START Recorded data
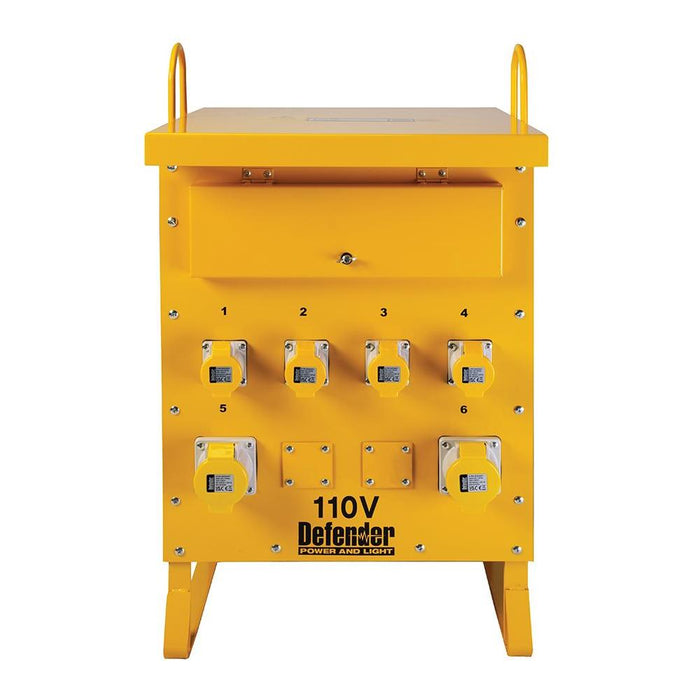 Defender 10kVA 3 Phase Transformer 110V 16A/32A Defender - Town Tools 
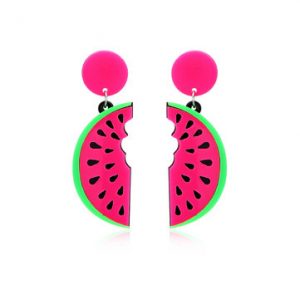 Women's Cute Earrings Fruit Watermelon Acrylic Earrings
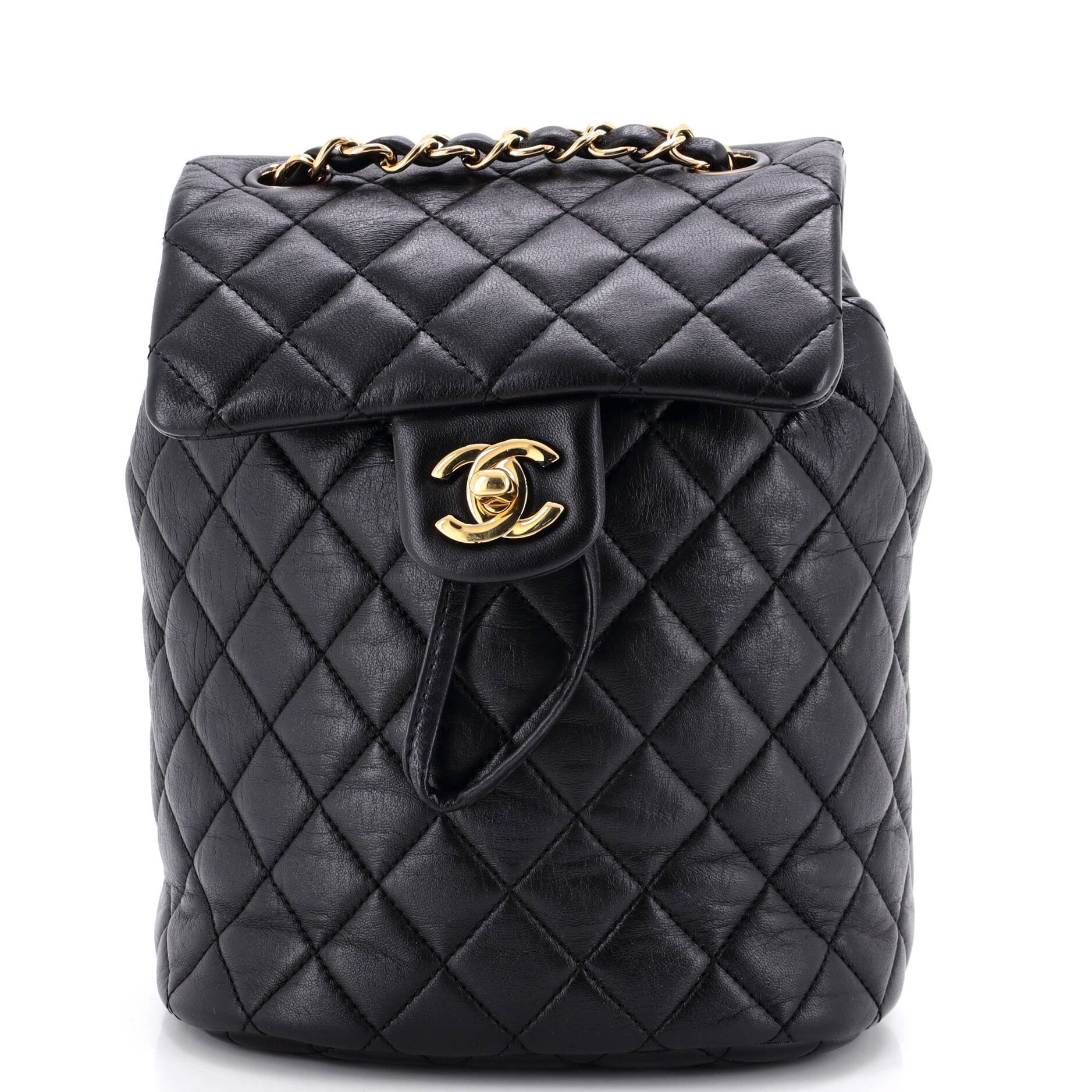 Leather backpack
END Recorded data
## Your task:
When repeating the listing, keep each line exact and exclude the pictures.

## Solution below:
 Defender 10kVA 3 Phase Transformer 110V 16A/32A Defender - Town Tools 
 Women's Cute Earrings Fruit Watermelon Acrylic Earrings
 Leather backpack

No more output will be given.